A new sleep study has used 6.5 million recorded sleep sessions on Fitbit devices to investigate the effect that sleep has on our health.
A new study using Fitbit data has proven that sleep is good for you, which will come as a surprise to exactly no one. But the findings of the study into sleep quality and health outcomes have actually been pretty eye-opening – particularly in the effectiveness of wearables to longitudinally study our health.
A longitudinal study is a research design that involves repeated observations of the same variables (e.g., individuals, groups) over a prolonged period. This type of study is often used to observe changes over time and to identify causal relationships.
The study, which analyzed 6.5 million nights of sleep data from over 6,700 Fitbit users, over an average period of 4.5 years, found significant links between sleep patterns and health outcomes.

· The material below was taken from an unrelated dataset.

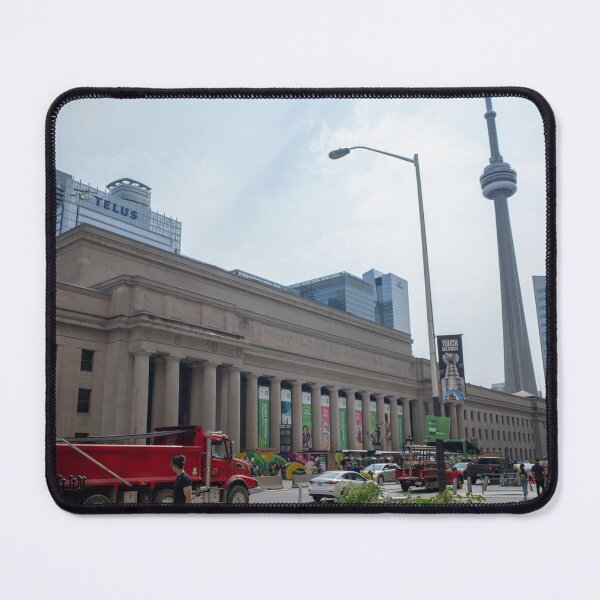 Item preview, Toronto Union Station Skyline designed and sold by bayviewmedia.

If you’re interested in how your sleep stacks up, participants typically got to sleep around 11:10 pm and got about 6.7 hrs during their main sleep period (i.e. not naps).
However, the study also found that good sleep reduced the odds of obesity and sleep apnea, with balanced sleep stages proving crucial for heart health and mental well-being.
Restless, inconsistent sleep, meanwhile, negatively impacted various conditions, while demographic differences and lifestyle factors were also found to influence sleep duration.
All in, the study shows us the potential of wearable data in large-scale, longitudinal health research.
That means the ability to track data over a longer period that can identify wider trends, but also factor in other lifestyle factors.